EXTRACTED MATERIAL -
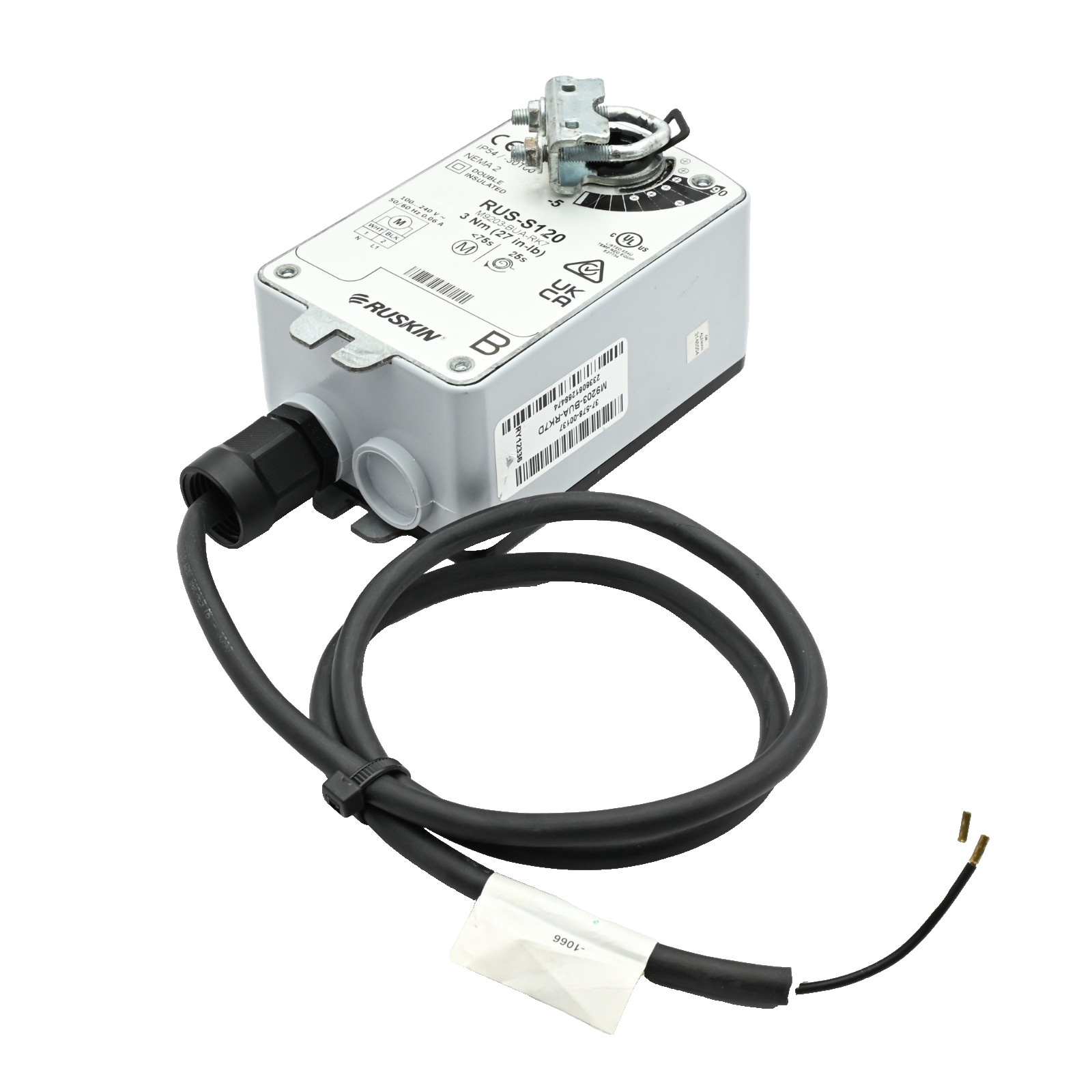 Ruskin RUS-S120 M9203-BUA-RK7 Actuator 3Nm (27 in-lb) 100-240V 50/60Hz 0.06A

...

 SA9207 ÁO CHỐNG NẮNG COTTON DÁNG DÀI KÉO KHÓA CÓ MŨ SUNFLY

==

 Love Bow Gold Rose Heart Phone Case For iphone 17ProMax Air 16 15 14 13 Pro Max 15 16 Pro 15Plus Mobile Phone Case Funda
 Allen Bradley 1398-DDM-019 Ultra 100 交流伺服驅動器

TASK GOAL -
From the records above, repeat exactly the lines from the one with "Love Bow Gold" through the one with "Allen Bradley 1398-DDM-019 Ultra 100 交流伺服驅動器", both included.

WRITTEN SOLUTION -
 Love Bow Gold Rose Heart Phone Case For iphone 17ProMax Air 16 15 14 13 Pro Max 15 16 Pro 15Plus Mobile Phone Case Funda
 Allen Bradley 1398-DDM-019 Ultra 100 交流伺服驅動器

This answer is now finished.